PS: numpy.allclose() is another way to do it, but I need to use number * np.ones([array.shape[0], array.shape[1]]) and it still seems verbose to me...
Edit: Thank you all so much for the fantastic answers! np.isclose() is the exact function that I am looking for, and I missed it since it is not in the doc... I wouldn't have realized this until they update the doc, if it weren't you guys. Thank you again!
PS: numpy.allclose() is another way to do it, but I need to use number * np.ones([array.shape[0], array.shape[1]]) and it still seems verbose to me...
You almost never need to do anything like number * np.ones([array.shape[0], array.shape[1]]). Just as you can multiply that scalar number by that ones array to multiply all of its 1 values by number, you can pass that scalar number to allclose to compare all of the original array's values to number. For example:
>>> a = np.array([[2.000000000001, 2.0000000002], [2.000000000001, 1.999999999]])
>>> np.allclose(a, 2)
True
As a side note, if you really do need an array of all 2s, there's an easier way to do it than multiplying 2 by ones:
>>> np.tile(2, array.shape)
array([[2, 2], [2, 2]])
For that matter, I don't know why you need to do [array.shape[0], array.shape[1]]. If the array is 2D, that's exactly the same thing as array.shape. If the array might be larger, it's exactly the same as array.shape[:2].
I'm not sure this solves your actual problem, because it seems like you want to know which ones are close and not close, rather than just whether or not they all are. But the fact that you said you could use allclose if not for the fact that it's too verbose to create the array to compare with.

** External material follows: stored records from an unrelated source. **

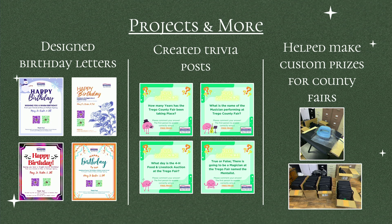I also helped make the custom prizes for the 4-H kids. There were these stools and backpacks that clipped onto the stools, and we ironed the last names onto them.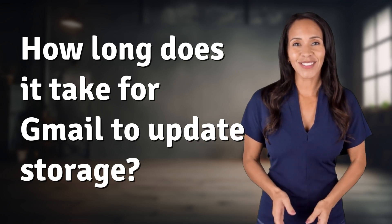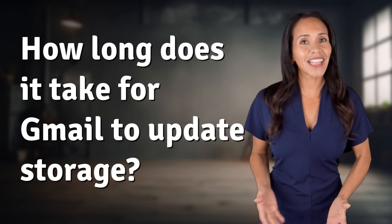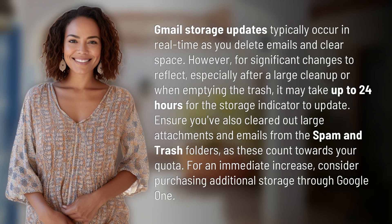Rapid-fire answers coming your way. What's today's burning question? Let's find out. Gmail storage updates typically occur in real-time as you delete emails and clear space. However, for significant changes to reflect — especially after a large cleanup or when emptying the trash — it may take up to 24 hours for the storage indicator to update.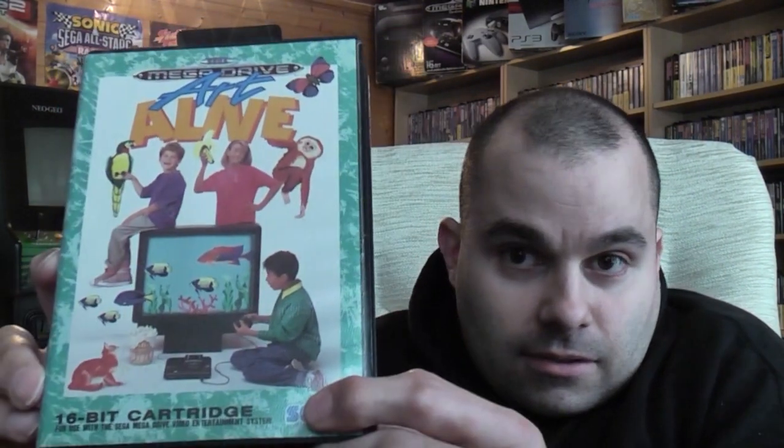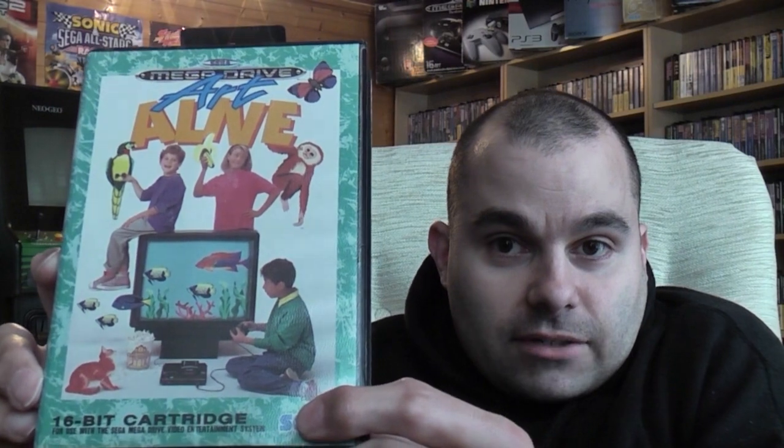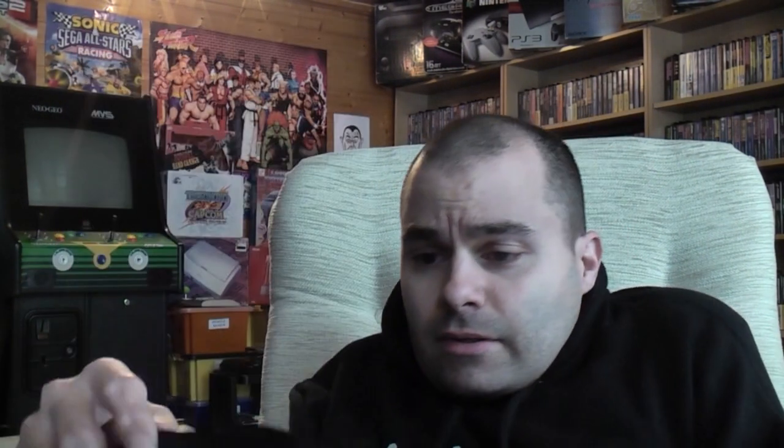This one's from Martin down in Spalding, and it's one of the games that I need towards my full Mega Drive collection. And it is — Art Alive. A bit of a different sort of game this one. Looks as though it's like a painting game that you can do on the Mega Drive. That's pretty cool.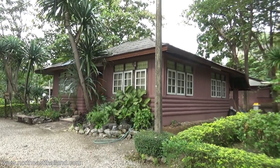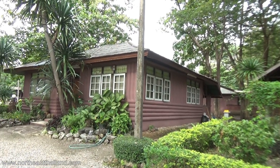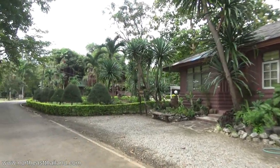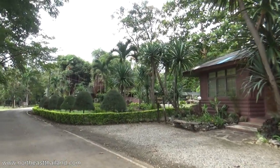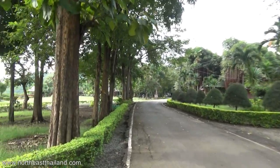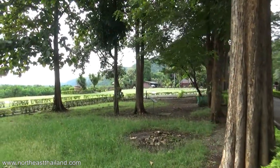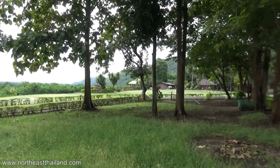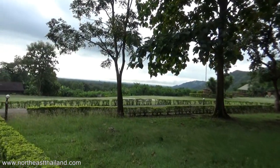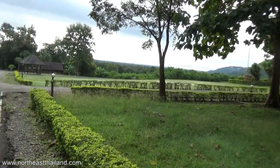That looks like a log cabin built out of concrete - that's pretty cool! It's really nice and really well maintained. Great place to just come and hang out, have a picnic.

So, if you need whereclose rather than allclose… well, there's no such function. But it's pretty easy to build yourself, and you can always wrap it up if you're doing it repeatedly.
If you had an isclose method—like allclose, but returning a bool array instead of a single bool—you could just write:
idx = np.where(isclose(a, b, 0, atol))[0][0]
… or, if you're doing it over and over:
def whereclose(a, b, rtol=1e-05, atol=1e-08):
return np.where(isclose(a, b, rtol, atol))
idx = whereclose(a, b, 0, atol)[0][0]
As it turns out, version 1.7 of numpy does have exactly that function (see also here), but it doesn't appear to be in the docs. If you don't want to rely on a possibly-undocumented function, or need to work with numpy 1.6, you can write it yourself trivially:
def isclose(a, b, rtol=1e-05, atol=1e-08):
return np.abs(a-b) <= (atol + rtol * np.abs(b))
If you have up-to-date numpy (1.7), then the best way is to use np.isclose which will broadcast the shapes together automatically:
import numpy as np
a = np.arange(10)
n = 5.000001
np.isclose(a, n).nonzero()
#(array([5]),)
or, if you expect only one match:
np.isclose(a, n).nonzero()[0][0]
#5
(np.nonzero is basically the same thing as np.where except that it doesn't have the if condition then/else capability)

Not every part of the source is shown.